By: Yaneira Rodriguez
Holiday season is the happiest time of the year. Romcoms include a formula that gives viewers a sense of nostalgia. Adding a modern twist to a holiday guilty pleasure, queer Christmas romcom “Happiest Season” follows main characters Abby (Kristen Stewart) and Harper (Mackenzie Davis). Worried about her girlfriend being alone for Christmas, Harper invites Abby to come along with her.
Abby quickly learns Harper has not told her family about her relationship with her. With a father in politics, Harper is afraid to let her family know who she really is. Abby plays along but things get difficult when Harper leaves her feeling like the outsider.
Directed by long time LGBQT+ favorite Clea DuVall, who directed cult classic “But I’m A Cheerleader”, “Happiest Season” seems aimed to be a relatable and heartwarming love story. Far from the more deeply complicated love stories LGBQT+ films portray. The film is filled with a great cast including Aubrey Plaza from “Parks and Recreation”, Alison Brie from “Glow”, and “Schitt’s Creek” creator Dan Levy.
The plot is a welcomed change to a classic meet the parents. The story has been told before but adding a queer touch makes it a little more original.
With such a popular cast, the film’s expectation was high. The elements were there, but the film failed to deliver. Still, the film was everything a cheesy romcom could be.
Stewart and Davis lack chemistry on screen, which made the romantic interest feel forced. With such a LGBQT+ friendly cast, this feels like it could have been avoided. The film misses the mark here but it does deliver over all.
The movie is saved by its comedic angle delivered by John (Levy). His lines are quick-witted and noteworthy. Plaza feels like the only normal and relatable character. While Brie takes on the role of the character that we all love to hate.
Aside from Stewart and Davis, the rest of the cast has great chemistry. Kristen Stewart and Aubrey Plaza are well rounded characters, and it comes across when they are on screen together. While Mackenzie Davis and Alison Brie’s characters play competitive sisters, who have their own troublesome relationship.
Meeting a significant other’s parents is difficult no matter the orientation. Being blinded by love is an all too relatable subject. This creates the approachable and inclusive narrative.
“Happiest Season” is not the type of movie a person needs to watch more than once, but it is still an enjoyable feature.
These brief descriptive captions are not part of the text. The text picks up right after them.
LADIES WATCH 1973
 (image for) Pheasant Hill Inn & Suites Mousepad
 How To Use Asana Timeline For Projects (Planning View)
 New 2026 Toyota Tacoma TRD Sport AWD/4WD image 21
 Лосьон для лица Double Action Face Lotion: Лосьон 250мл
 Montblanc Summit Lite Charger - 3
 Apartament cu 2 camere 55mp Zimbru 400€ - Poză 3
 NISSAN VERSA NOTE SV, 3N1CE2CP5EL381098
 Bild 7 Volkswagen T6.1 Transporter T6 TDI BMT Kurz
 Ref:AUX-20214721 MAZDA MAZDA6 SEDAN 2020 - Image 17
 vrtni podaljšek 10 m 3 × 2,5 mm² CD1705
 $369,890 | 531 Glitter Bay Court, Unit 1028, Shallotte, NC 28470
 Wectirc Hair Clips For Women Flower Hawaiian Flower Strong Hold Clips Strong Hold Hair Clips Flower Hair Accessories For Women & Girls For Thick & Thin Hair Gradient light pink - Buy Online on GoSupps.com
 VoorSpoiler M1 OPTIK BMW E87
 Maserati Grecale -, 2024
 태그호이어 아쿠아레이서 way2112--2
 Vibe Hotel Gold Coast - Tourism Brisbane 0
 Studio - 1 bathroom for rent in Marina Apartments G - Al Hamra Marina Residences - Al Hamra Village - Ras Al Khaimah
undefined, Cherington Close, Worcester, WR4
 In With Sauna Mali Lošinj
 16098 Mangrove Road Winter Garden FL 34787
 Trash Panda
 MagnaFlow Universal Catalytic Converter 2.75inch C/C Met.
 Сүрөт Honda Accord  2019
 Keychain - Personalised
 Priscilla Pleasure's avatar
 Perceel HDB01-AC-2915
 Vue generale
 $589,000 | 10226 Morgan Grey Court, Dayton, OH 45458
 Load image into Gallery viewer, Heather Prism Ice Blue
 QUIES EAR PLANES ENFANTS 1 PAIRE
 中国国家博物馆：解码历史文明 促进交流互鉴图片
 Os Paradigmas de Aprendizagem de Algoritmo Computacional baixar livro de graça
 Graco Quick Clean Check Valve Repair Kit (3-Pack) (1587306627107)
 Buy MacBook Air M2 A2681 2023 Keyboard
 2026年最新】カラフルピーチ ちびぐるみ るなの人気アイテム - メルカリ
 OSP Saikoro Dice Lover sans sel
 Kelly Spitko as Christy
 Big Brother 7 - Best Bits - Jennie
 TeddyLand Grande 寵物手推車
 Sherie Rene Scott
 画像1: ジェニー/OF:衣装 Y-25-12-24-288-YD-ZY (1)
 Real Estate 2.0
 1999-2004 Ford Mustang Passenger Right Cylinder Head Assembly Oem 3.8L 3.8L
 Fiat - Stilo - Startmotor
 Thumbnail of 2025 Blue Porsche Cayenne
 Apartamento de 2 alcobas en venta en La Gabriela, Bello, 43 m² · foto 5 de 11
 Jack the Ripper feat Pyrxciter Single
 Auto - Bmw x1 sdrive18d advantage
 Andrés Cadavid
It is heartwarming and full of the holiday feel. The movie keeps the viewer guessing whether Abby and Harper will end up together.
It also touches the difficult subject of coming out to parents. A subject very much relatable to a large community. The movie will hopefully start a new narrative in romcoms that will include more of the LGBQT+ community.
“Happiest Season” is an easy watch with no difficult plot line to follow. The film is perfect for quarantine days. It is rated PG-13 and was released on Hulu November 26.